Support of Diffie Hellman Algorithm- Swithcing from SHA1 to SHA2

There were large architecture changes required to support these ciphers. This is subject to change, however, It is our intent to back-port this stack update in an upcoming 526x FixPack (Likely 5264) by the end of the year. 

Thank you very much Mr. Ryan for the update;

Like I conveyed earlier, We are on SI 525 and we are unlikely to upgrade to SI 6.0 at the moment. We might plan to upgrade to 526 may be in next year, I am not sure at the moment.

Do you have any plan to back port these features to SI 526 and SI525 releases ? If yes, in which Fix pack this is expected.

Kind Regards,

Harish

Please review the 6.0 documentation as cipher support has been upgraded. Review the following documentation

https://www.ibm.com/support/knowledgecenter/SS3JSW_6.0.0/integrating/integrating/integrator/SFTP_Client_Begin_Session_svc.html

You cannot configure the SSH Key Exchange algorithms to be used with SFTP in the Sterling B2B Integrator UI. To select strong SSH Key Exchange algorithms, specify the values to be used in SSHKeyExchangeAlgList in the security.properties file. For example, SSHKeyExchangeAlgList=diffie-hellman-group-exchange-sha1,diffie-hellman-group1-sha1,diffie-hellman-group14-sha1. You can verify the algorithm used in the SFTP Client Begin Session service status report.

diffie-hellman-group-exchange-sha256 key exchange mechanism is what we are critically interested in and any other associated key exchange mechanisms which supports SHA2 is most welcome.

We would prefer this at the earliest due to the criticality of losing partner who are strictly enforcing SHA2 key exchange mechanisms to communicate with us using SFTP.

We also request IBM to add support for SHA256 ciphers as well.

Dear Mr. Ryan,

We had requested for SHA2 support in SSH Handshake in IBM B2B Integrator product. I also created an RFE for this. As per below email I understand it as IBM is planning this feature in future releases. I do not understand which release this feature is being planned. Just to let you know, we are on 5.2.5 release and we do not have immediate plan for upgrading to new release; at-least for the next couple of months.

As per my knowledge the current version of Maverick jars (used for SSH functionalities) does support SHA2 handshake, that way I guess with minimal effort this feature can be provided in the current release.

Not having SHA2 support in SSH handshake is preventing our customers to trade with some critical partners as some of their partners are enforcing strict SHA2 support during SSH handshake. This is impacting our business with critical partners in a big way. I would request you to expedite this feature implementation and provide this in the current release we are on. This will help our business in a big way.

Thank you very much for your understanding

Kind Regards,
Harish

Hello, thank you for particiapting in the 'Request for Enhancement' community. Your input is valued.
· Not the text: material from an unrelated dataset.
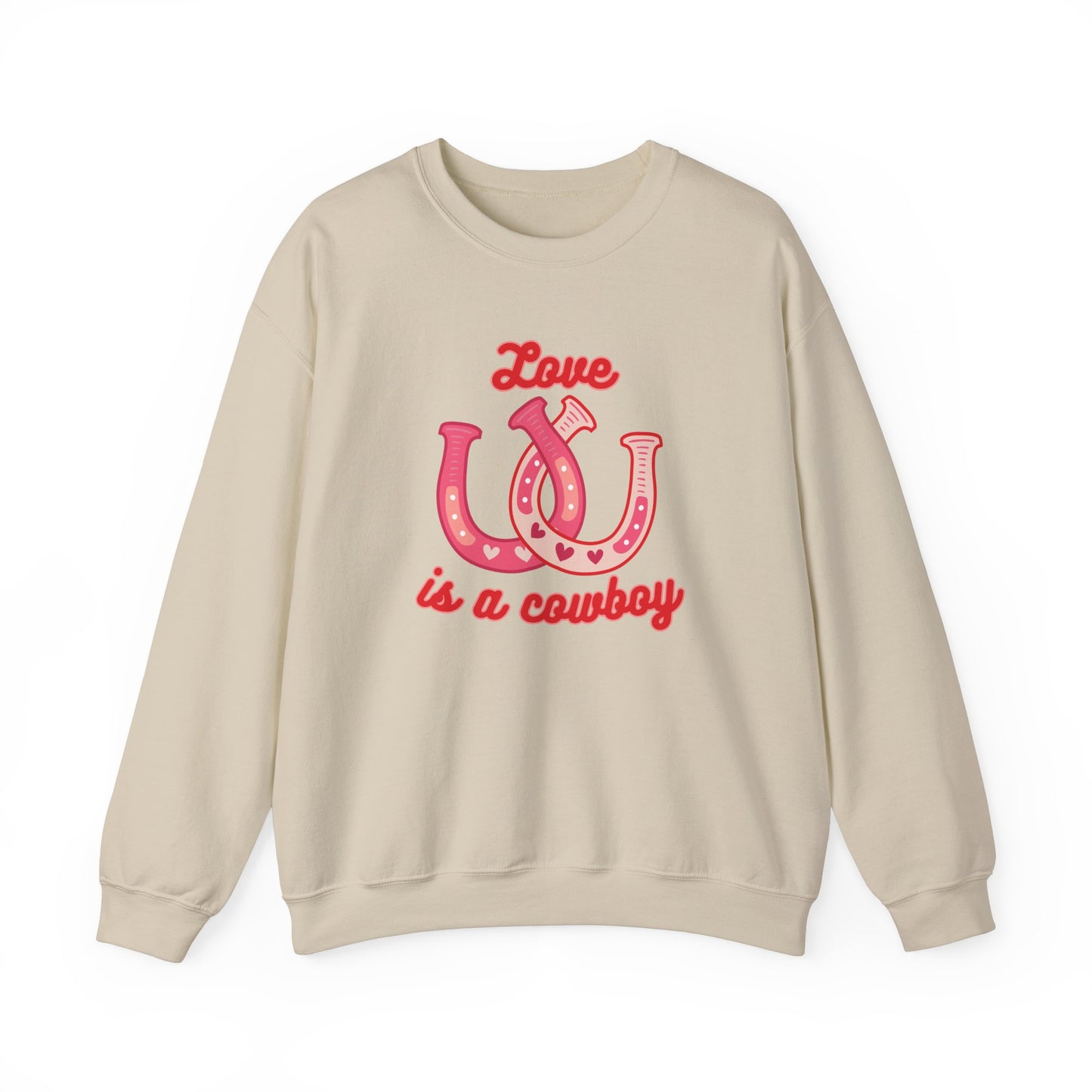 Love Is A Cowboy Sweatshirt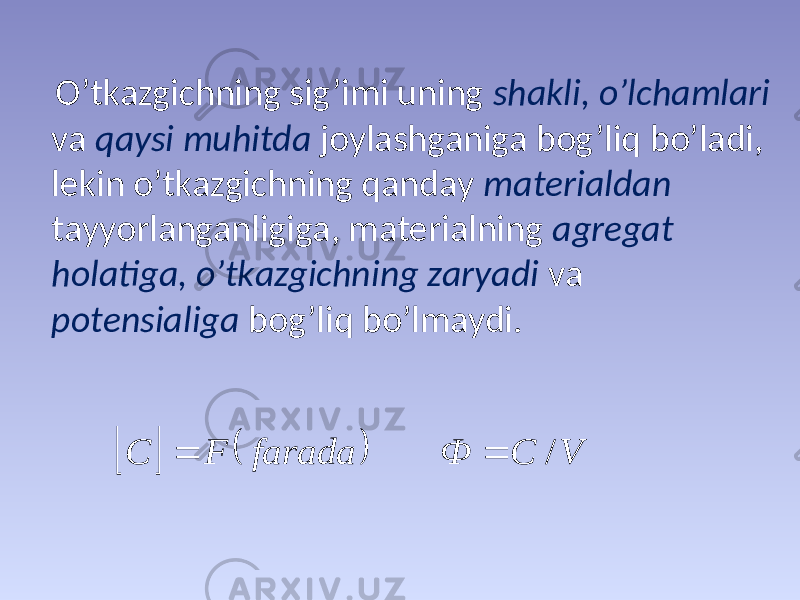  O’tkаzgichning sig’imi uning shаkli, o’lchаmlаri vа qаysi muhitdа jоylаshgаnigа bоg’liq bo’lаdi, lеkin o’tkаzgichning qаndаy mаtеriаldаn tаyyorlаngаnligigа, mаtеriаlning аgrеgаt hоlаtigа, o’tkаzgichning zаryadi vа pоtеnsiаligа bоg’liq bo’lmаydi.    V C Ф farada F С /  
We agree with this request and have short term plans to deliver this functionality. Fundamentally there are some stack updates required in the product before we can offer these new algorithms, however that work is well under way. Please check back here for updates and/or notify your sales account team.

All the best,

Ryan Wood

Offering Manager

Watson Customer Engagement

woodry@us.ibm.com

Several of our important partners are upgrading security standards and will not be allowing lesser algorithm than SHA2 for SSH handshake. We have been informed that we will not be able to communicate with these trading partners when the grace period runs out.

Tyco Electronics is looking to have the capability to choose to use SHA2 when directing traffic to different partners as required. We are looking at a critical business impact if the flexibility is not available soon.

Please add SHA2 support for SSH handshake as many of our partners are strictly enforcing SHA2 handshake during SSH handshake.